Most people know the basics of the Genesis story: Adam and Eve live in the garden of Eden, eat the fruit of the Tree of Knowledge, and are cast out by God. However, when researchers uncovered a trove of Gnostic documents outside the small Egyptian town of Nag Hammadi in 1945, they unearthed a rich pseudo-Christian tradition filled with texts that portray the Christian gospels far differently than typical translations. These works are not canonical and have been vehemently rejected by the Church - many of them for good reason, as they were written hundreds of years after the events they claim to portray.
One text, however, is particularly interesting: the Apocalypse of Adam. This text purports to be an account of Adam, the first man, speaking to his son, Seth, about his time in Eden and prophesying the events of Genesis. This text provides a counter-narrative to the conventional Genesis story - God is hardly recognizable, and the events that transpire are not only fundamentally different but very surprising.

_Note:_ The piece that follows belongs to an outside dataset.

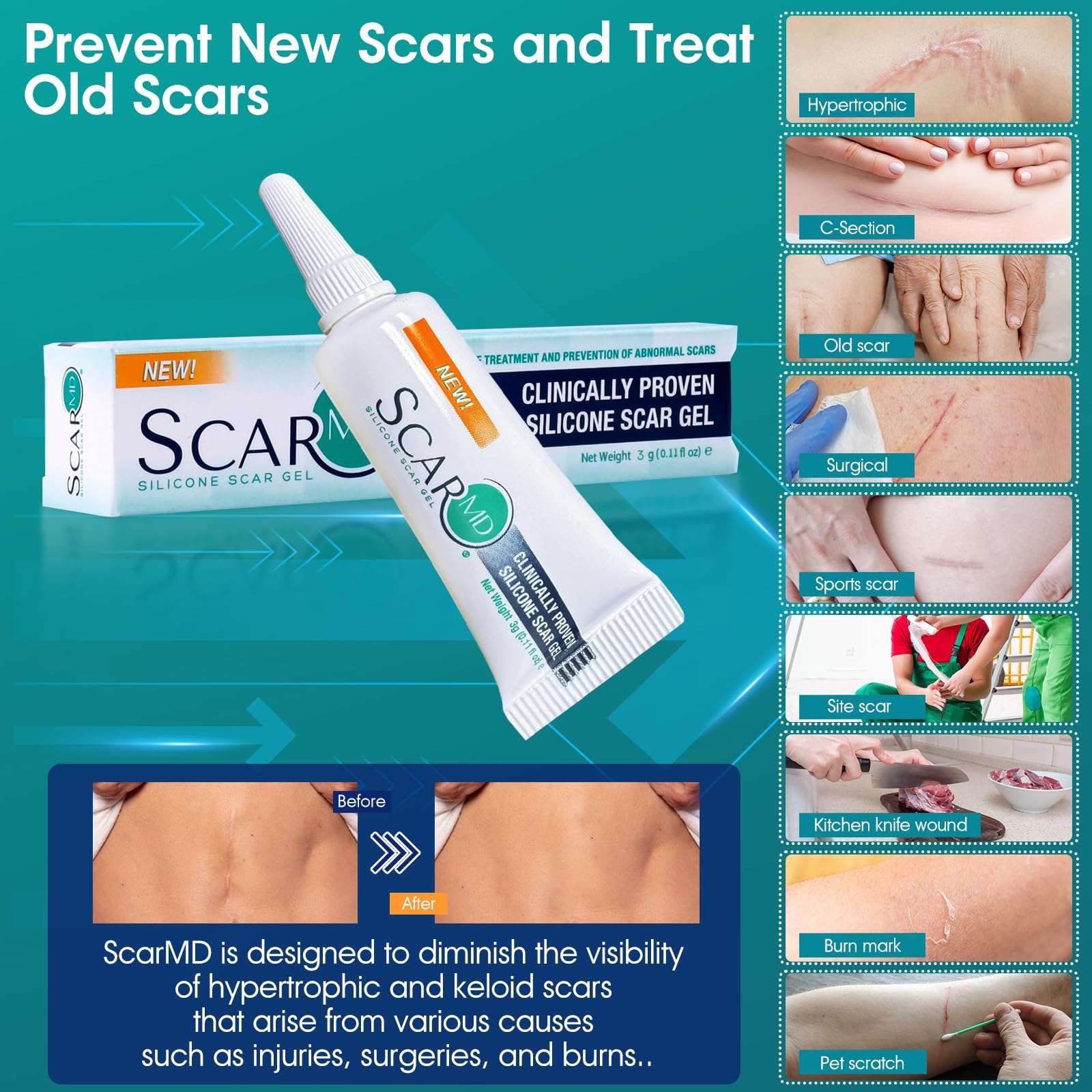 Scar Gel Scar Cream, Keloid Bump Removal, Advance Scar Gel for Surgical Scars,Body,Leg, Burns,C-Section, Stretch Marks, Reduces Discomfort, 0.1oz 3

The Garden of Eden is given little to no background in the Apocalypse of Adam. In fact, the garden is never even mentioned in the text. There is no mention of a garden, guardian angels, snakes, or trees. All that is shared about pre-fall Adam is that which he chooses to tell his son:
When God had created me out of the earth, along with Eve, your mother, I went about with her in a glory which she had seen in the aeon from which we had come forth. She taught me a word of knowledge of the eternal God. And we resembled the great eternal angels, for we were higher than the god who had created us and the powers with him, whom we did not know.
Eve seems to innately possess the secret knowledge that sullies both herself and Adam. The text later implies, however, that a powerful, apocalyptic figure called the Illuminator communicated this knowledge to Eve as part of his campaign against God.
The God of the Old Testament is often revealed to be petty, aggressive, and jealous - however, he is also known to display great wisdom and compassion. His is a personality of extremes, as he can either wipe out civilizations or provide love, comfort, and mercy.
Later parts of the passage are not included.